Aureli, R. and co-workers
2016

An experiment was conducted to investigate the effect of dietary non-phytate phosphorus (NPP) level on growth performance, bone characteristics and phosphorus metabolism-related gene expressions, to evaluate the dietary NPP requirement of broiler chicks fed a conventional corn-soybean meal diet from 1 to 21 d of age. A total of 540 day-old Arbor Acres male chicks were randomly allocated to one of nine treatments with six replicate cages of 10 birds per cage in a completely randomized design, and fed a basal corn-soybean meal diet (containing 0.08% of NPP) supplemented with 0.10, 0.15, 0.25, 0.30, 0.35, 0.40, 0.45, or 0.50% of inorganic phosphorus in the form of CaHPO4•2H2O, respectively. Each diet contained the constant calcium content of about 1.0%.

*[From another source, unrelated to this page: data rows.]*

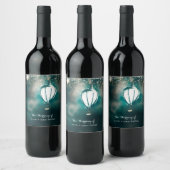 Zauberhafte Sommersaitenlichter Hochzeitswein Weinetikett (Flaschen)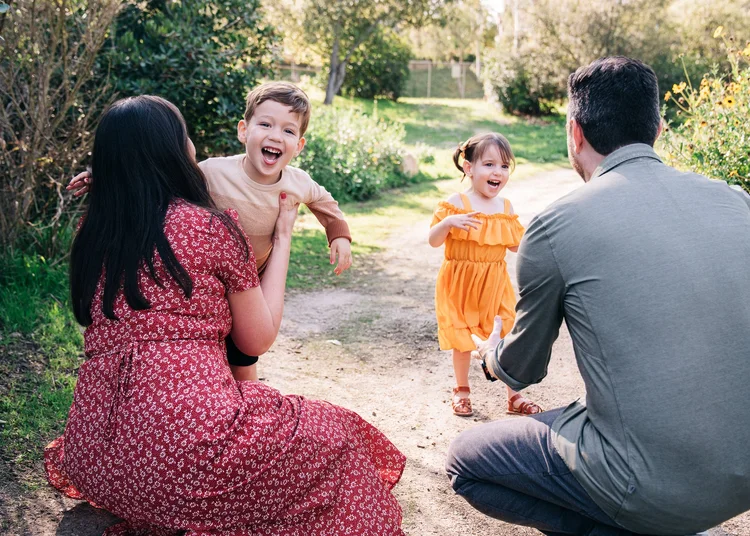 A mother and child together during an Orange County family lifestyle session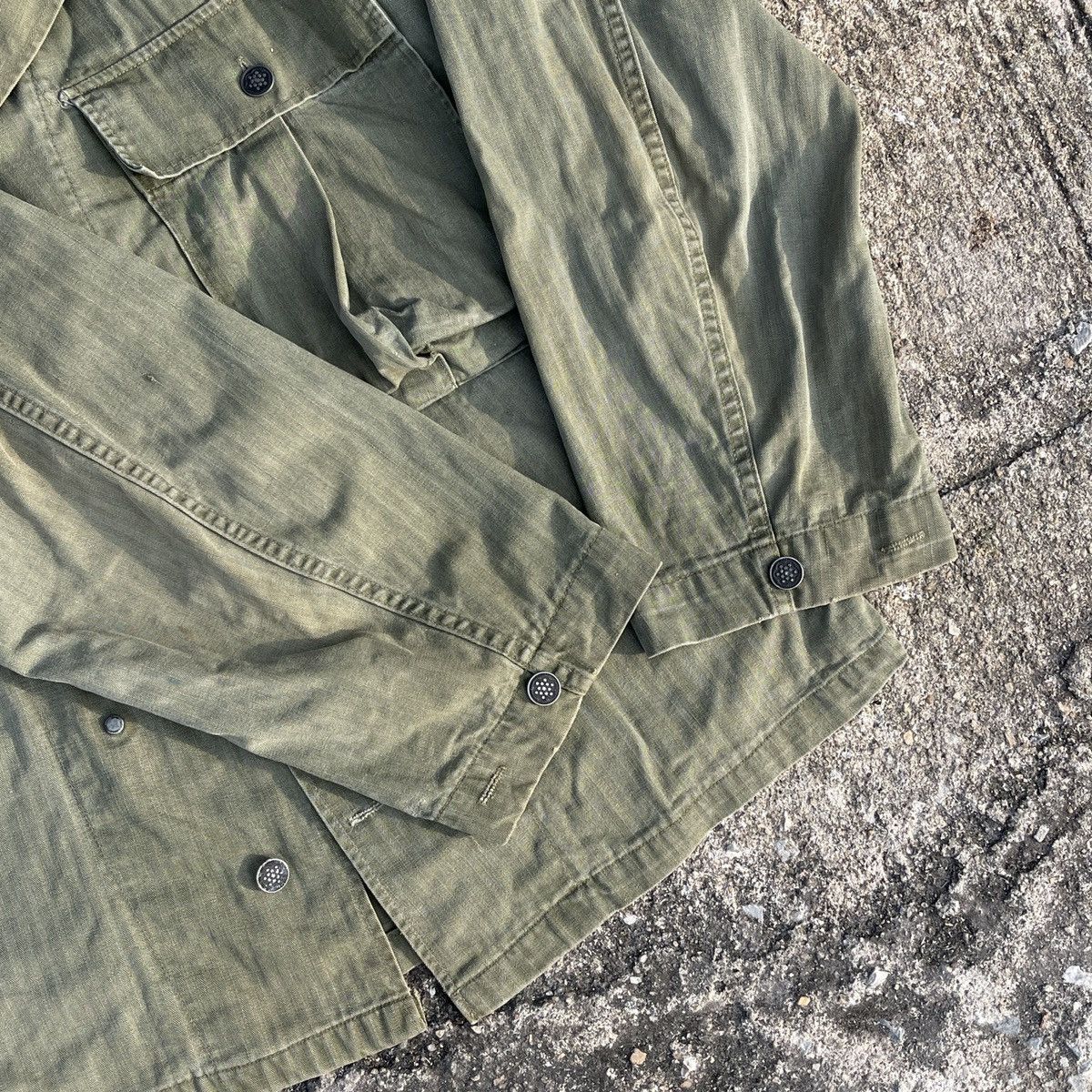 Vintage Vintage WW2 Hbt Military Army Jacket Size US S / EU 44-46 / 1 - 11 Thumbnail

The results showed that daily weight gain, serum inorganic P, tibia bone strength, tibia ash percentage, tibia bone mineral content (BMC) and density (BMD), middle toe ash percentage, middle toe BMC and BMD were affected (P ‹ 0.0001) by dietary NPP level, and increased linearly (P ‹ 0.0001) and quadraticly (P ‹ 0.004) as dietary NPP levels increased. The gene expression of type IIb sodium-phosphate cotransporter (NaPi-IIb) in the duodenum was affected (P ‹ 0.03) and decreased linearly (P ‹ 0.002) as dietary NPP levels increased. Dietary NPP requirements estimated based on fitted broken-line models (P ‹ 0.0001) of the sensitive indices including daily weight gain, tibia bone strength, tibia ash percentage, tibia BMC and BMD as well as middle toe ash percentage were 0.34–0.39%. The results from this study indicate that tibia BMC and BMD might be new, sensitive, and noninvasive criteria to evaluate the dietary NPP requirements of broilers, and the dietary NPP requirement is 0.39% for broiler chicks fed a conventional corn-soybean meal diet from 1 to 21 d of age.